Chesapeake Energy Corp. has cut 13% of its workforce, or 400 employees, as part of ongoing belt tightening at the company, CEO Doug Lawler told staff in an email on Tuesday.
Lawler, who took over in 2013, has made financial discipline a top priority, setting out on a cost cutting binge in recent years that’s resulted in the company divesting 25% of its oil and natural gas wells.
“While those divestitures resulted in headcount reductions in the field, transition services agreements with buyers of certain assets caused us to not make corresponding staffing changes in Oklahoma City,” Lawler wrote in the email, which the company shared with NGI’s Shale Daily. “As those transition arrangements have now come to an end, and we continue to see increased efficiencies across the company, we needed to respond accordingly.”

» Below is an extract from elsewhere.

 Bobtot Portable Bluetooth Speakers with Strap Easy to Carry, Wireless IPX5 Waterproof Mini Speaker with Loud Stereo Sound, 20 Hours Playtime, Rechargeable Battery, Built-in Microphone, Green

Most of the layoffs were made at the Oklahoma City headquarters. Lawler said Chesapeake was providing assistance to those affected, but he did not provide specifics.
Months after he took over as CEO, Lawler cut more than 800 employees. During the commodities downturn in 2015, the workforce was reduced by another 740 employees. The company once had 12,600 staff members, a peak it reached in 2011 to serve a far larger acreage position.

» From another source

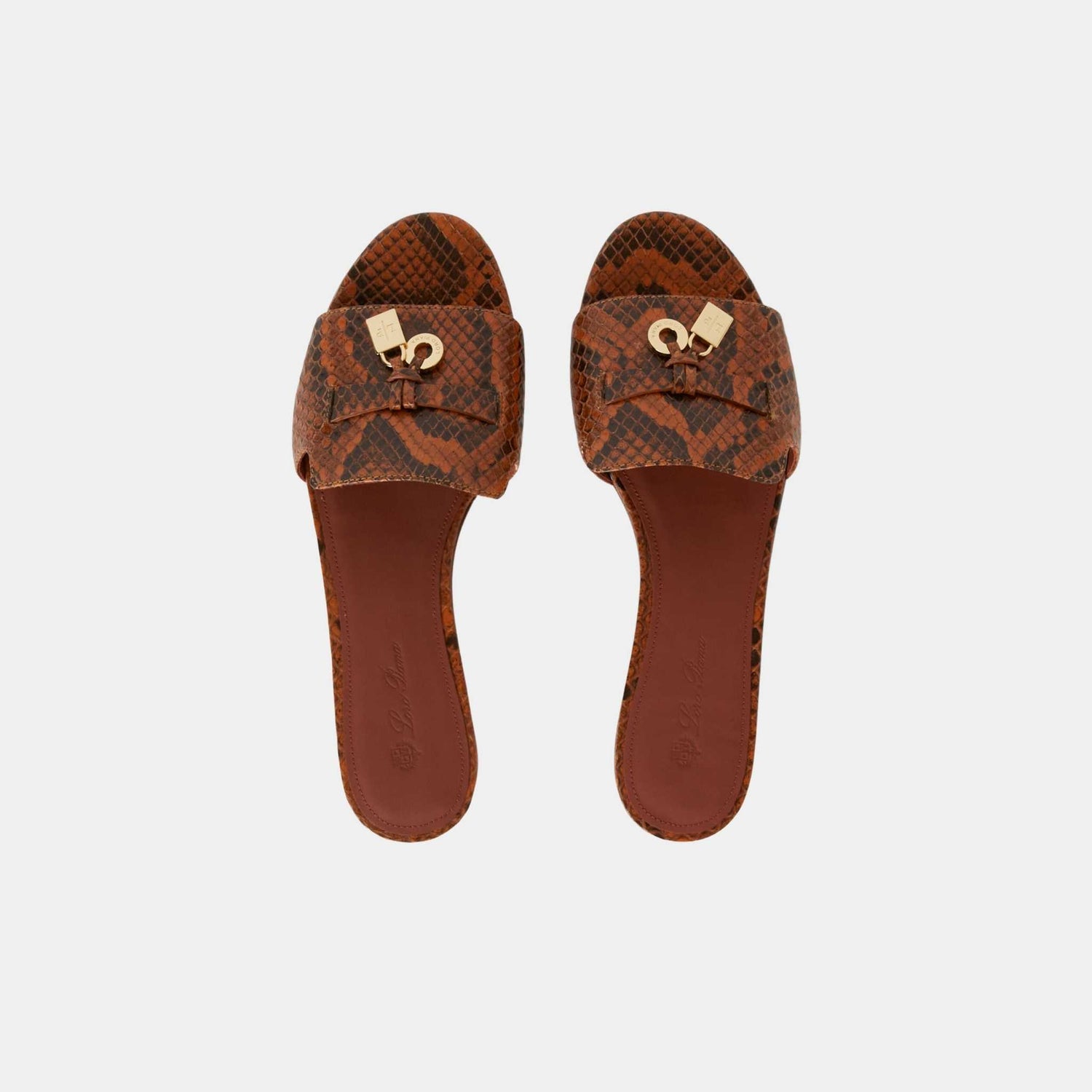 Loro Piana Summer Charms Sandal Matte Python Leather, Ombre Leather, Top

After this week’s job cuts, Chesapeake has an estimated 2,900 employees. While it hasn’t officially released 2018 plans, management said it plans to focus on spending within cash flow and keeping optionality in its onshore portfolio. Chesapeake now works mostly in the Midcontinent, Eagle Ford and Haynesville shales, as well as the Powder River and Appalachian basins.
More divestitures could also happen this year as management has said it wouldn’t rule out selling a major asset.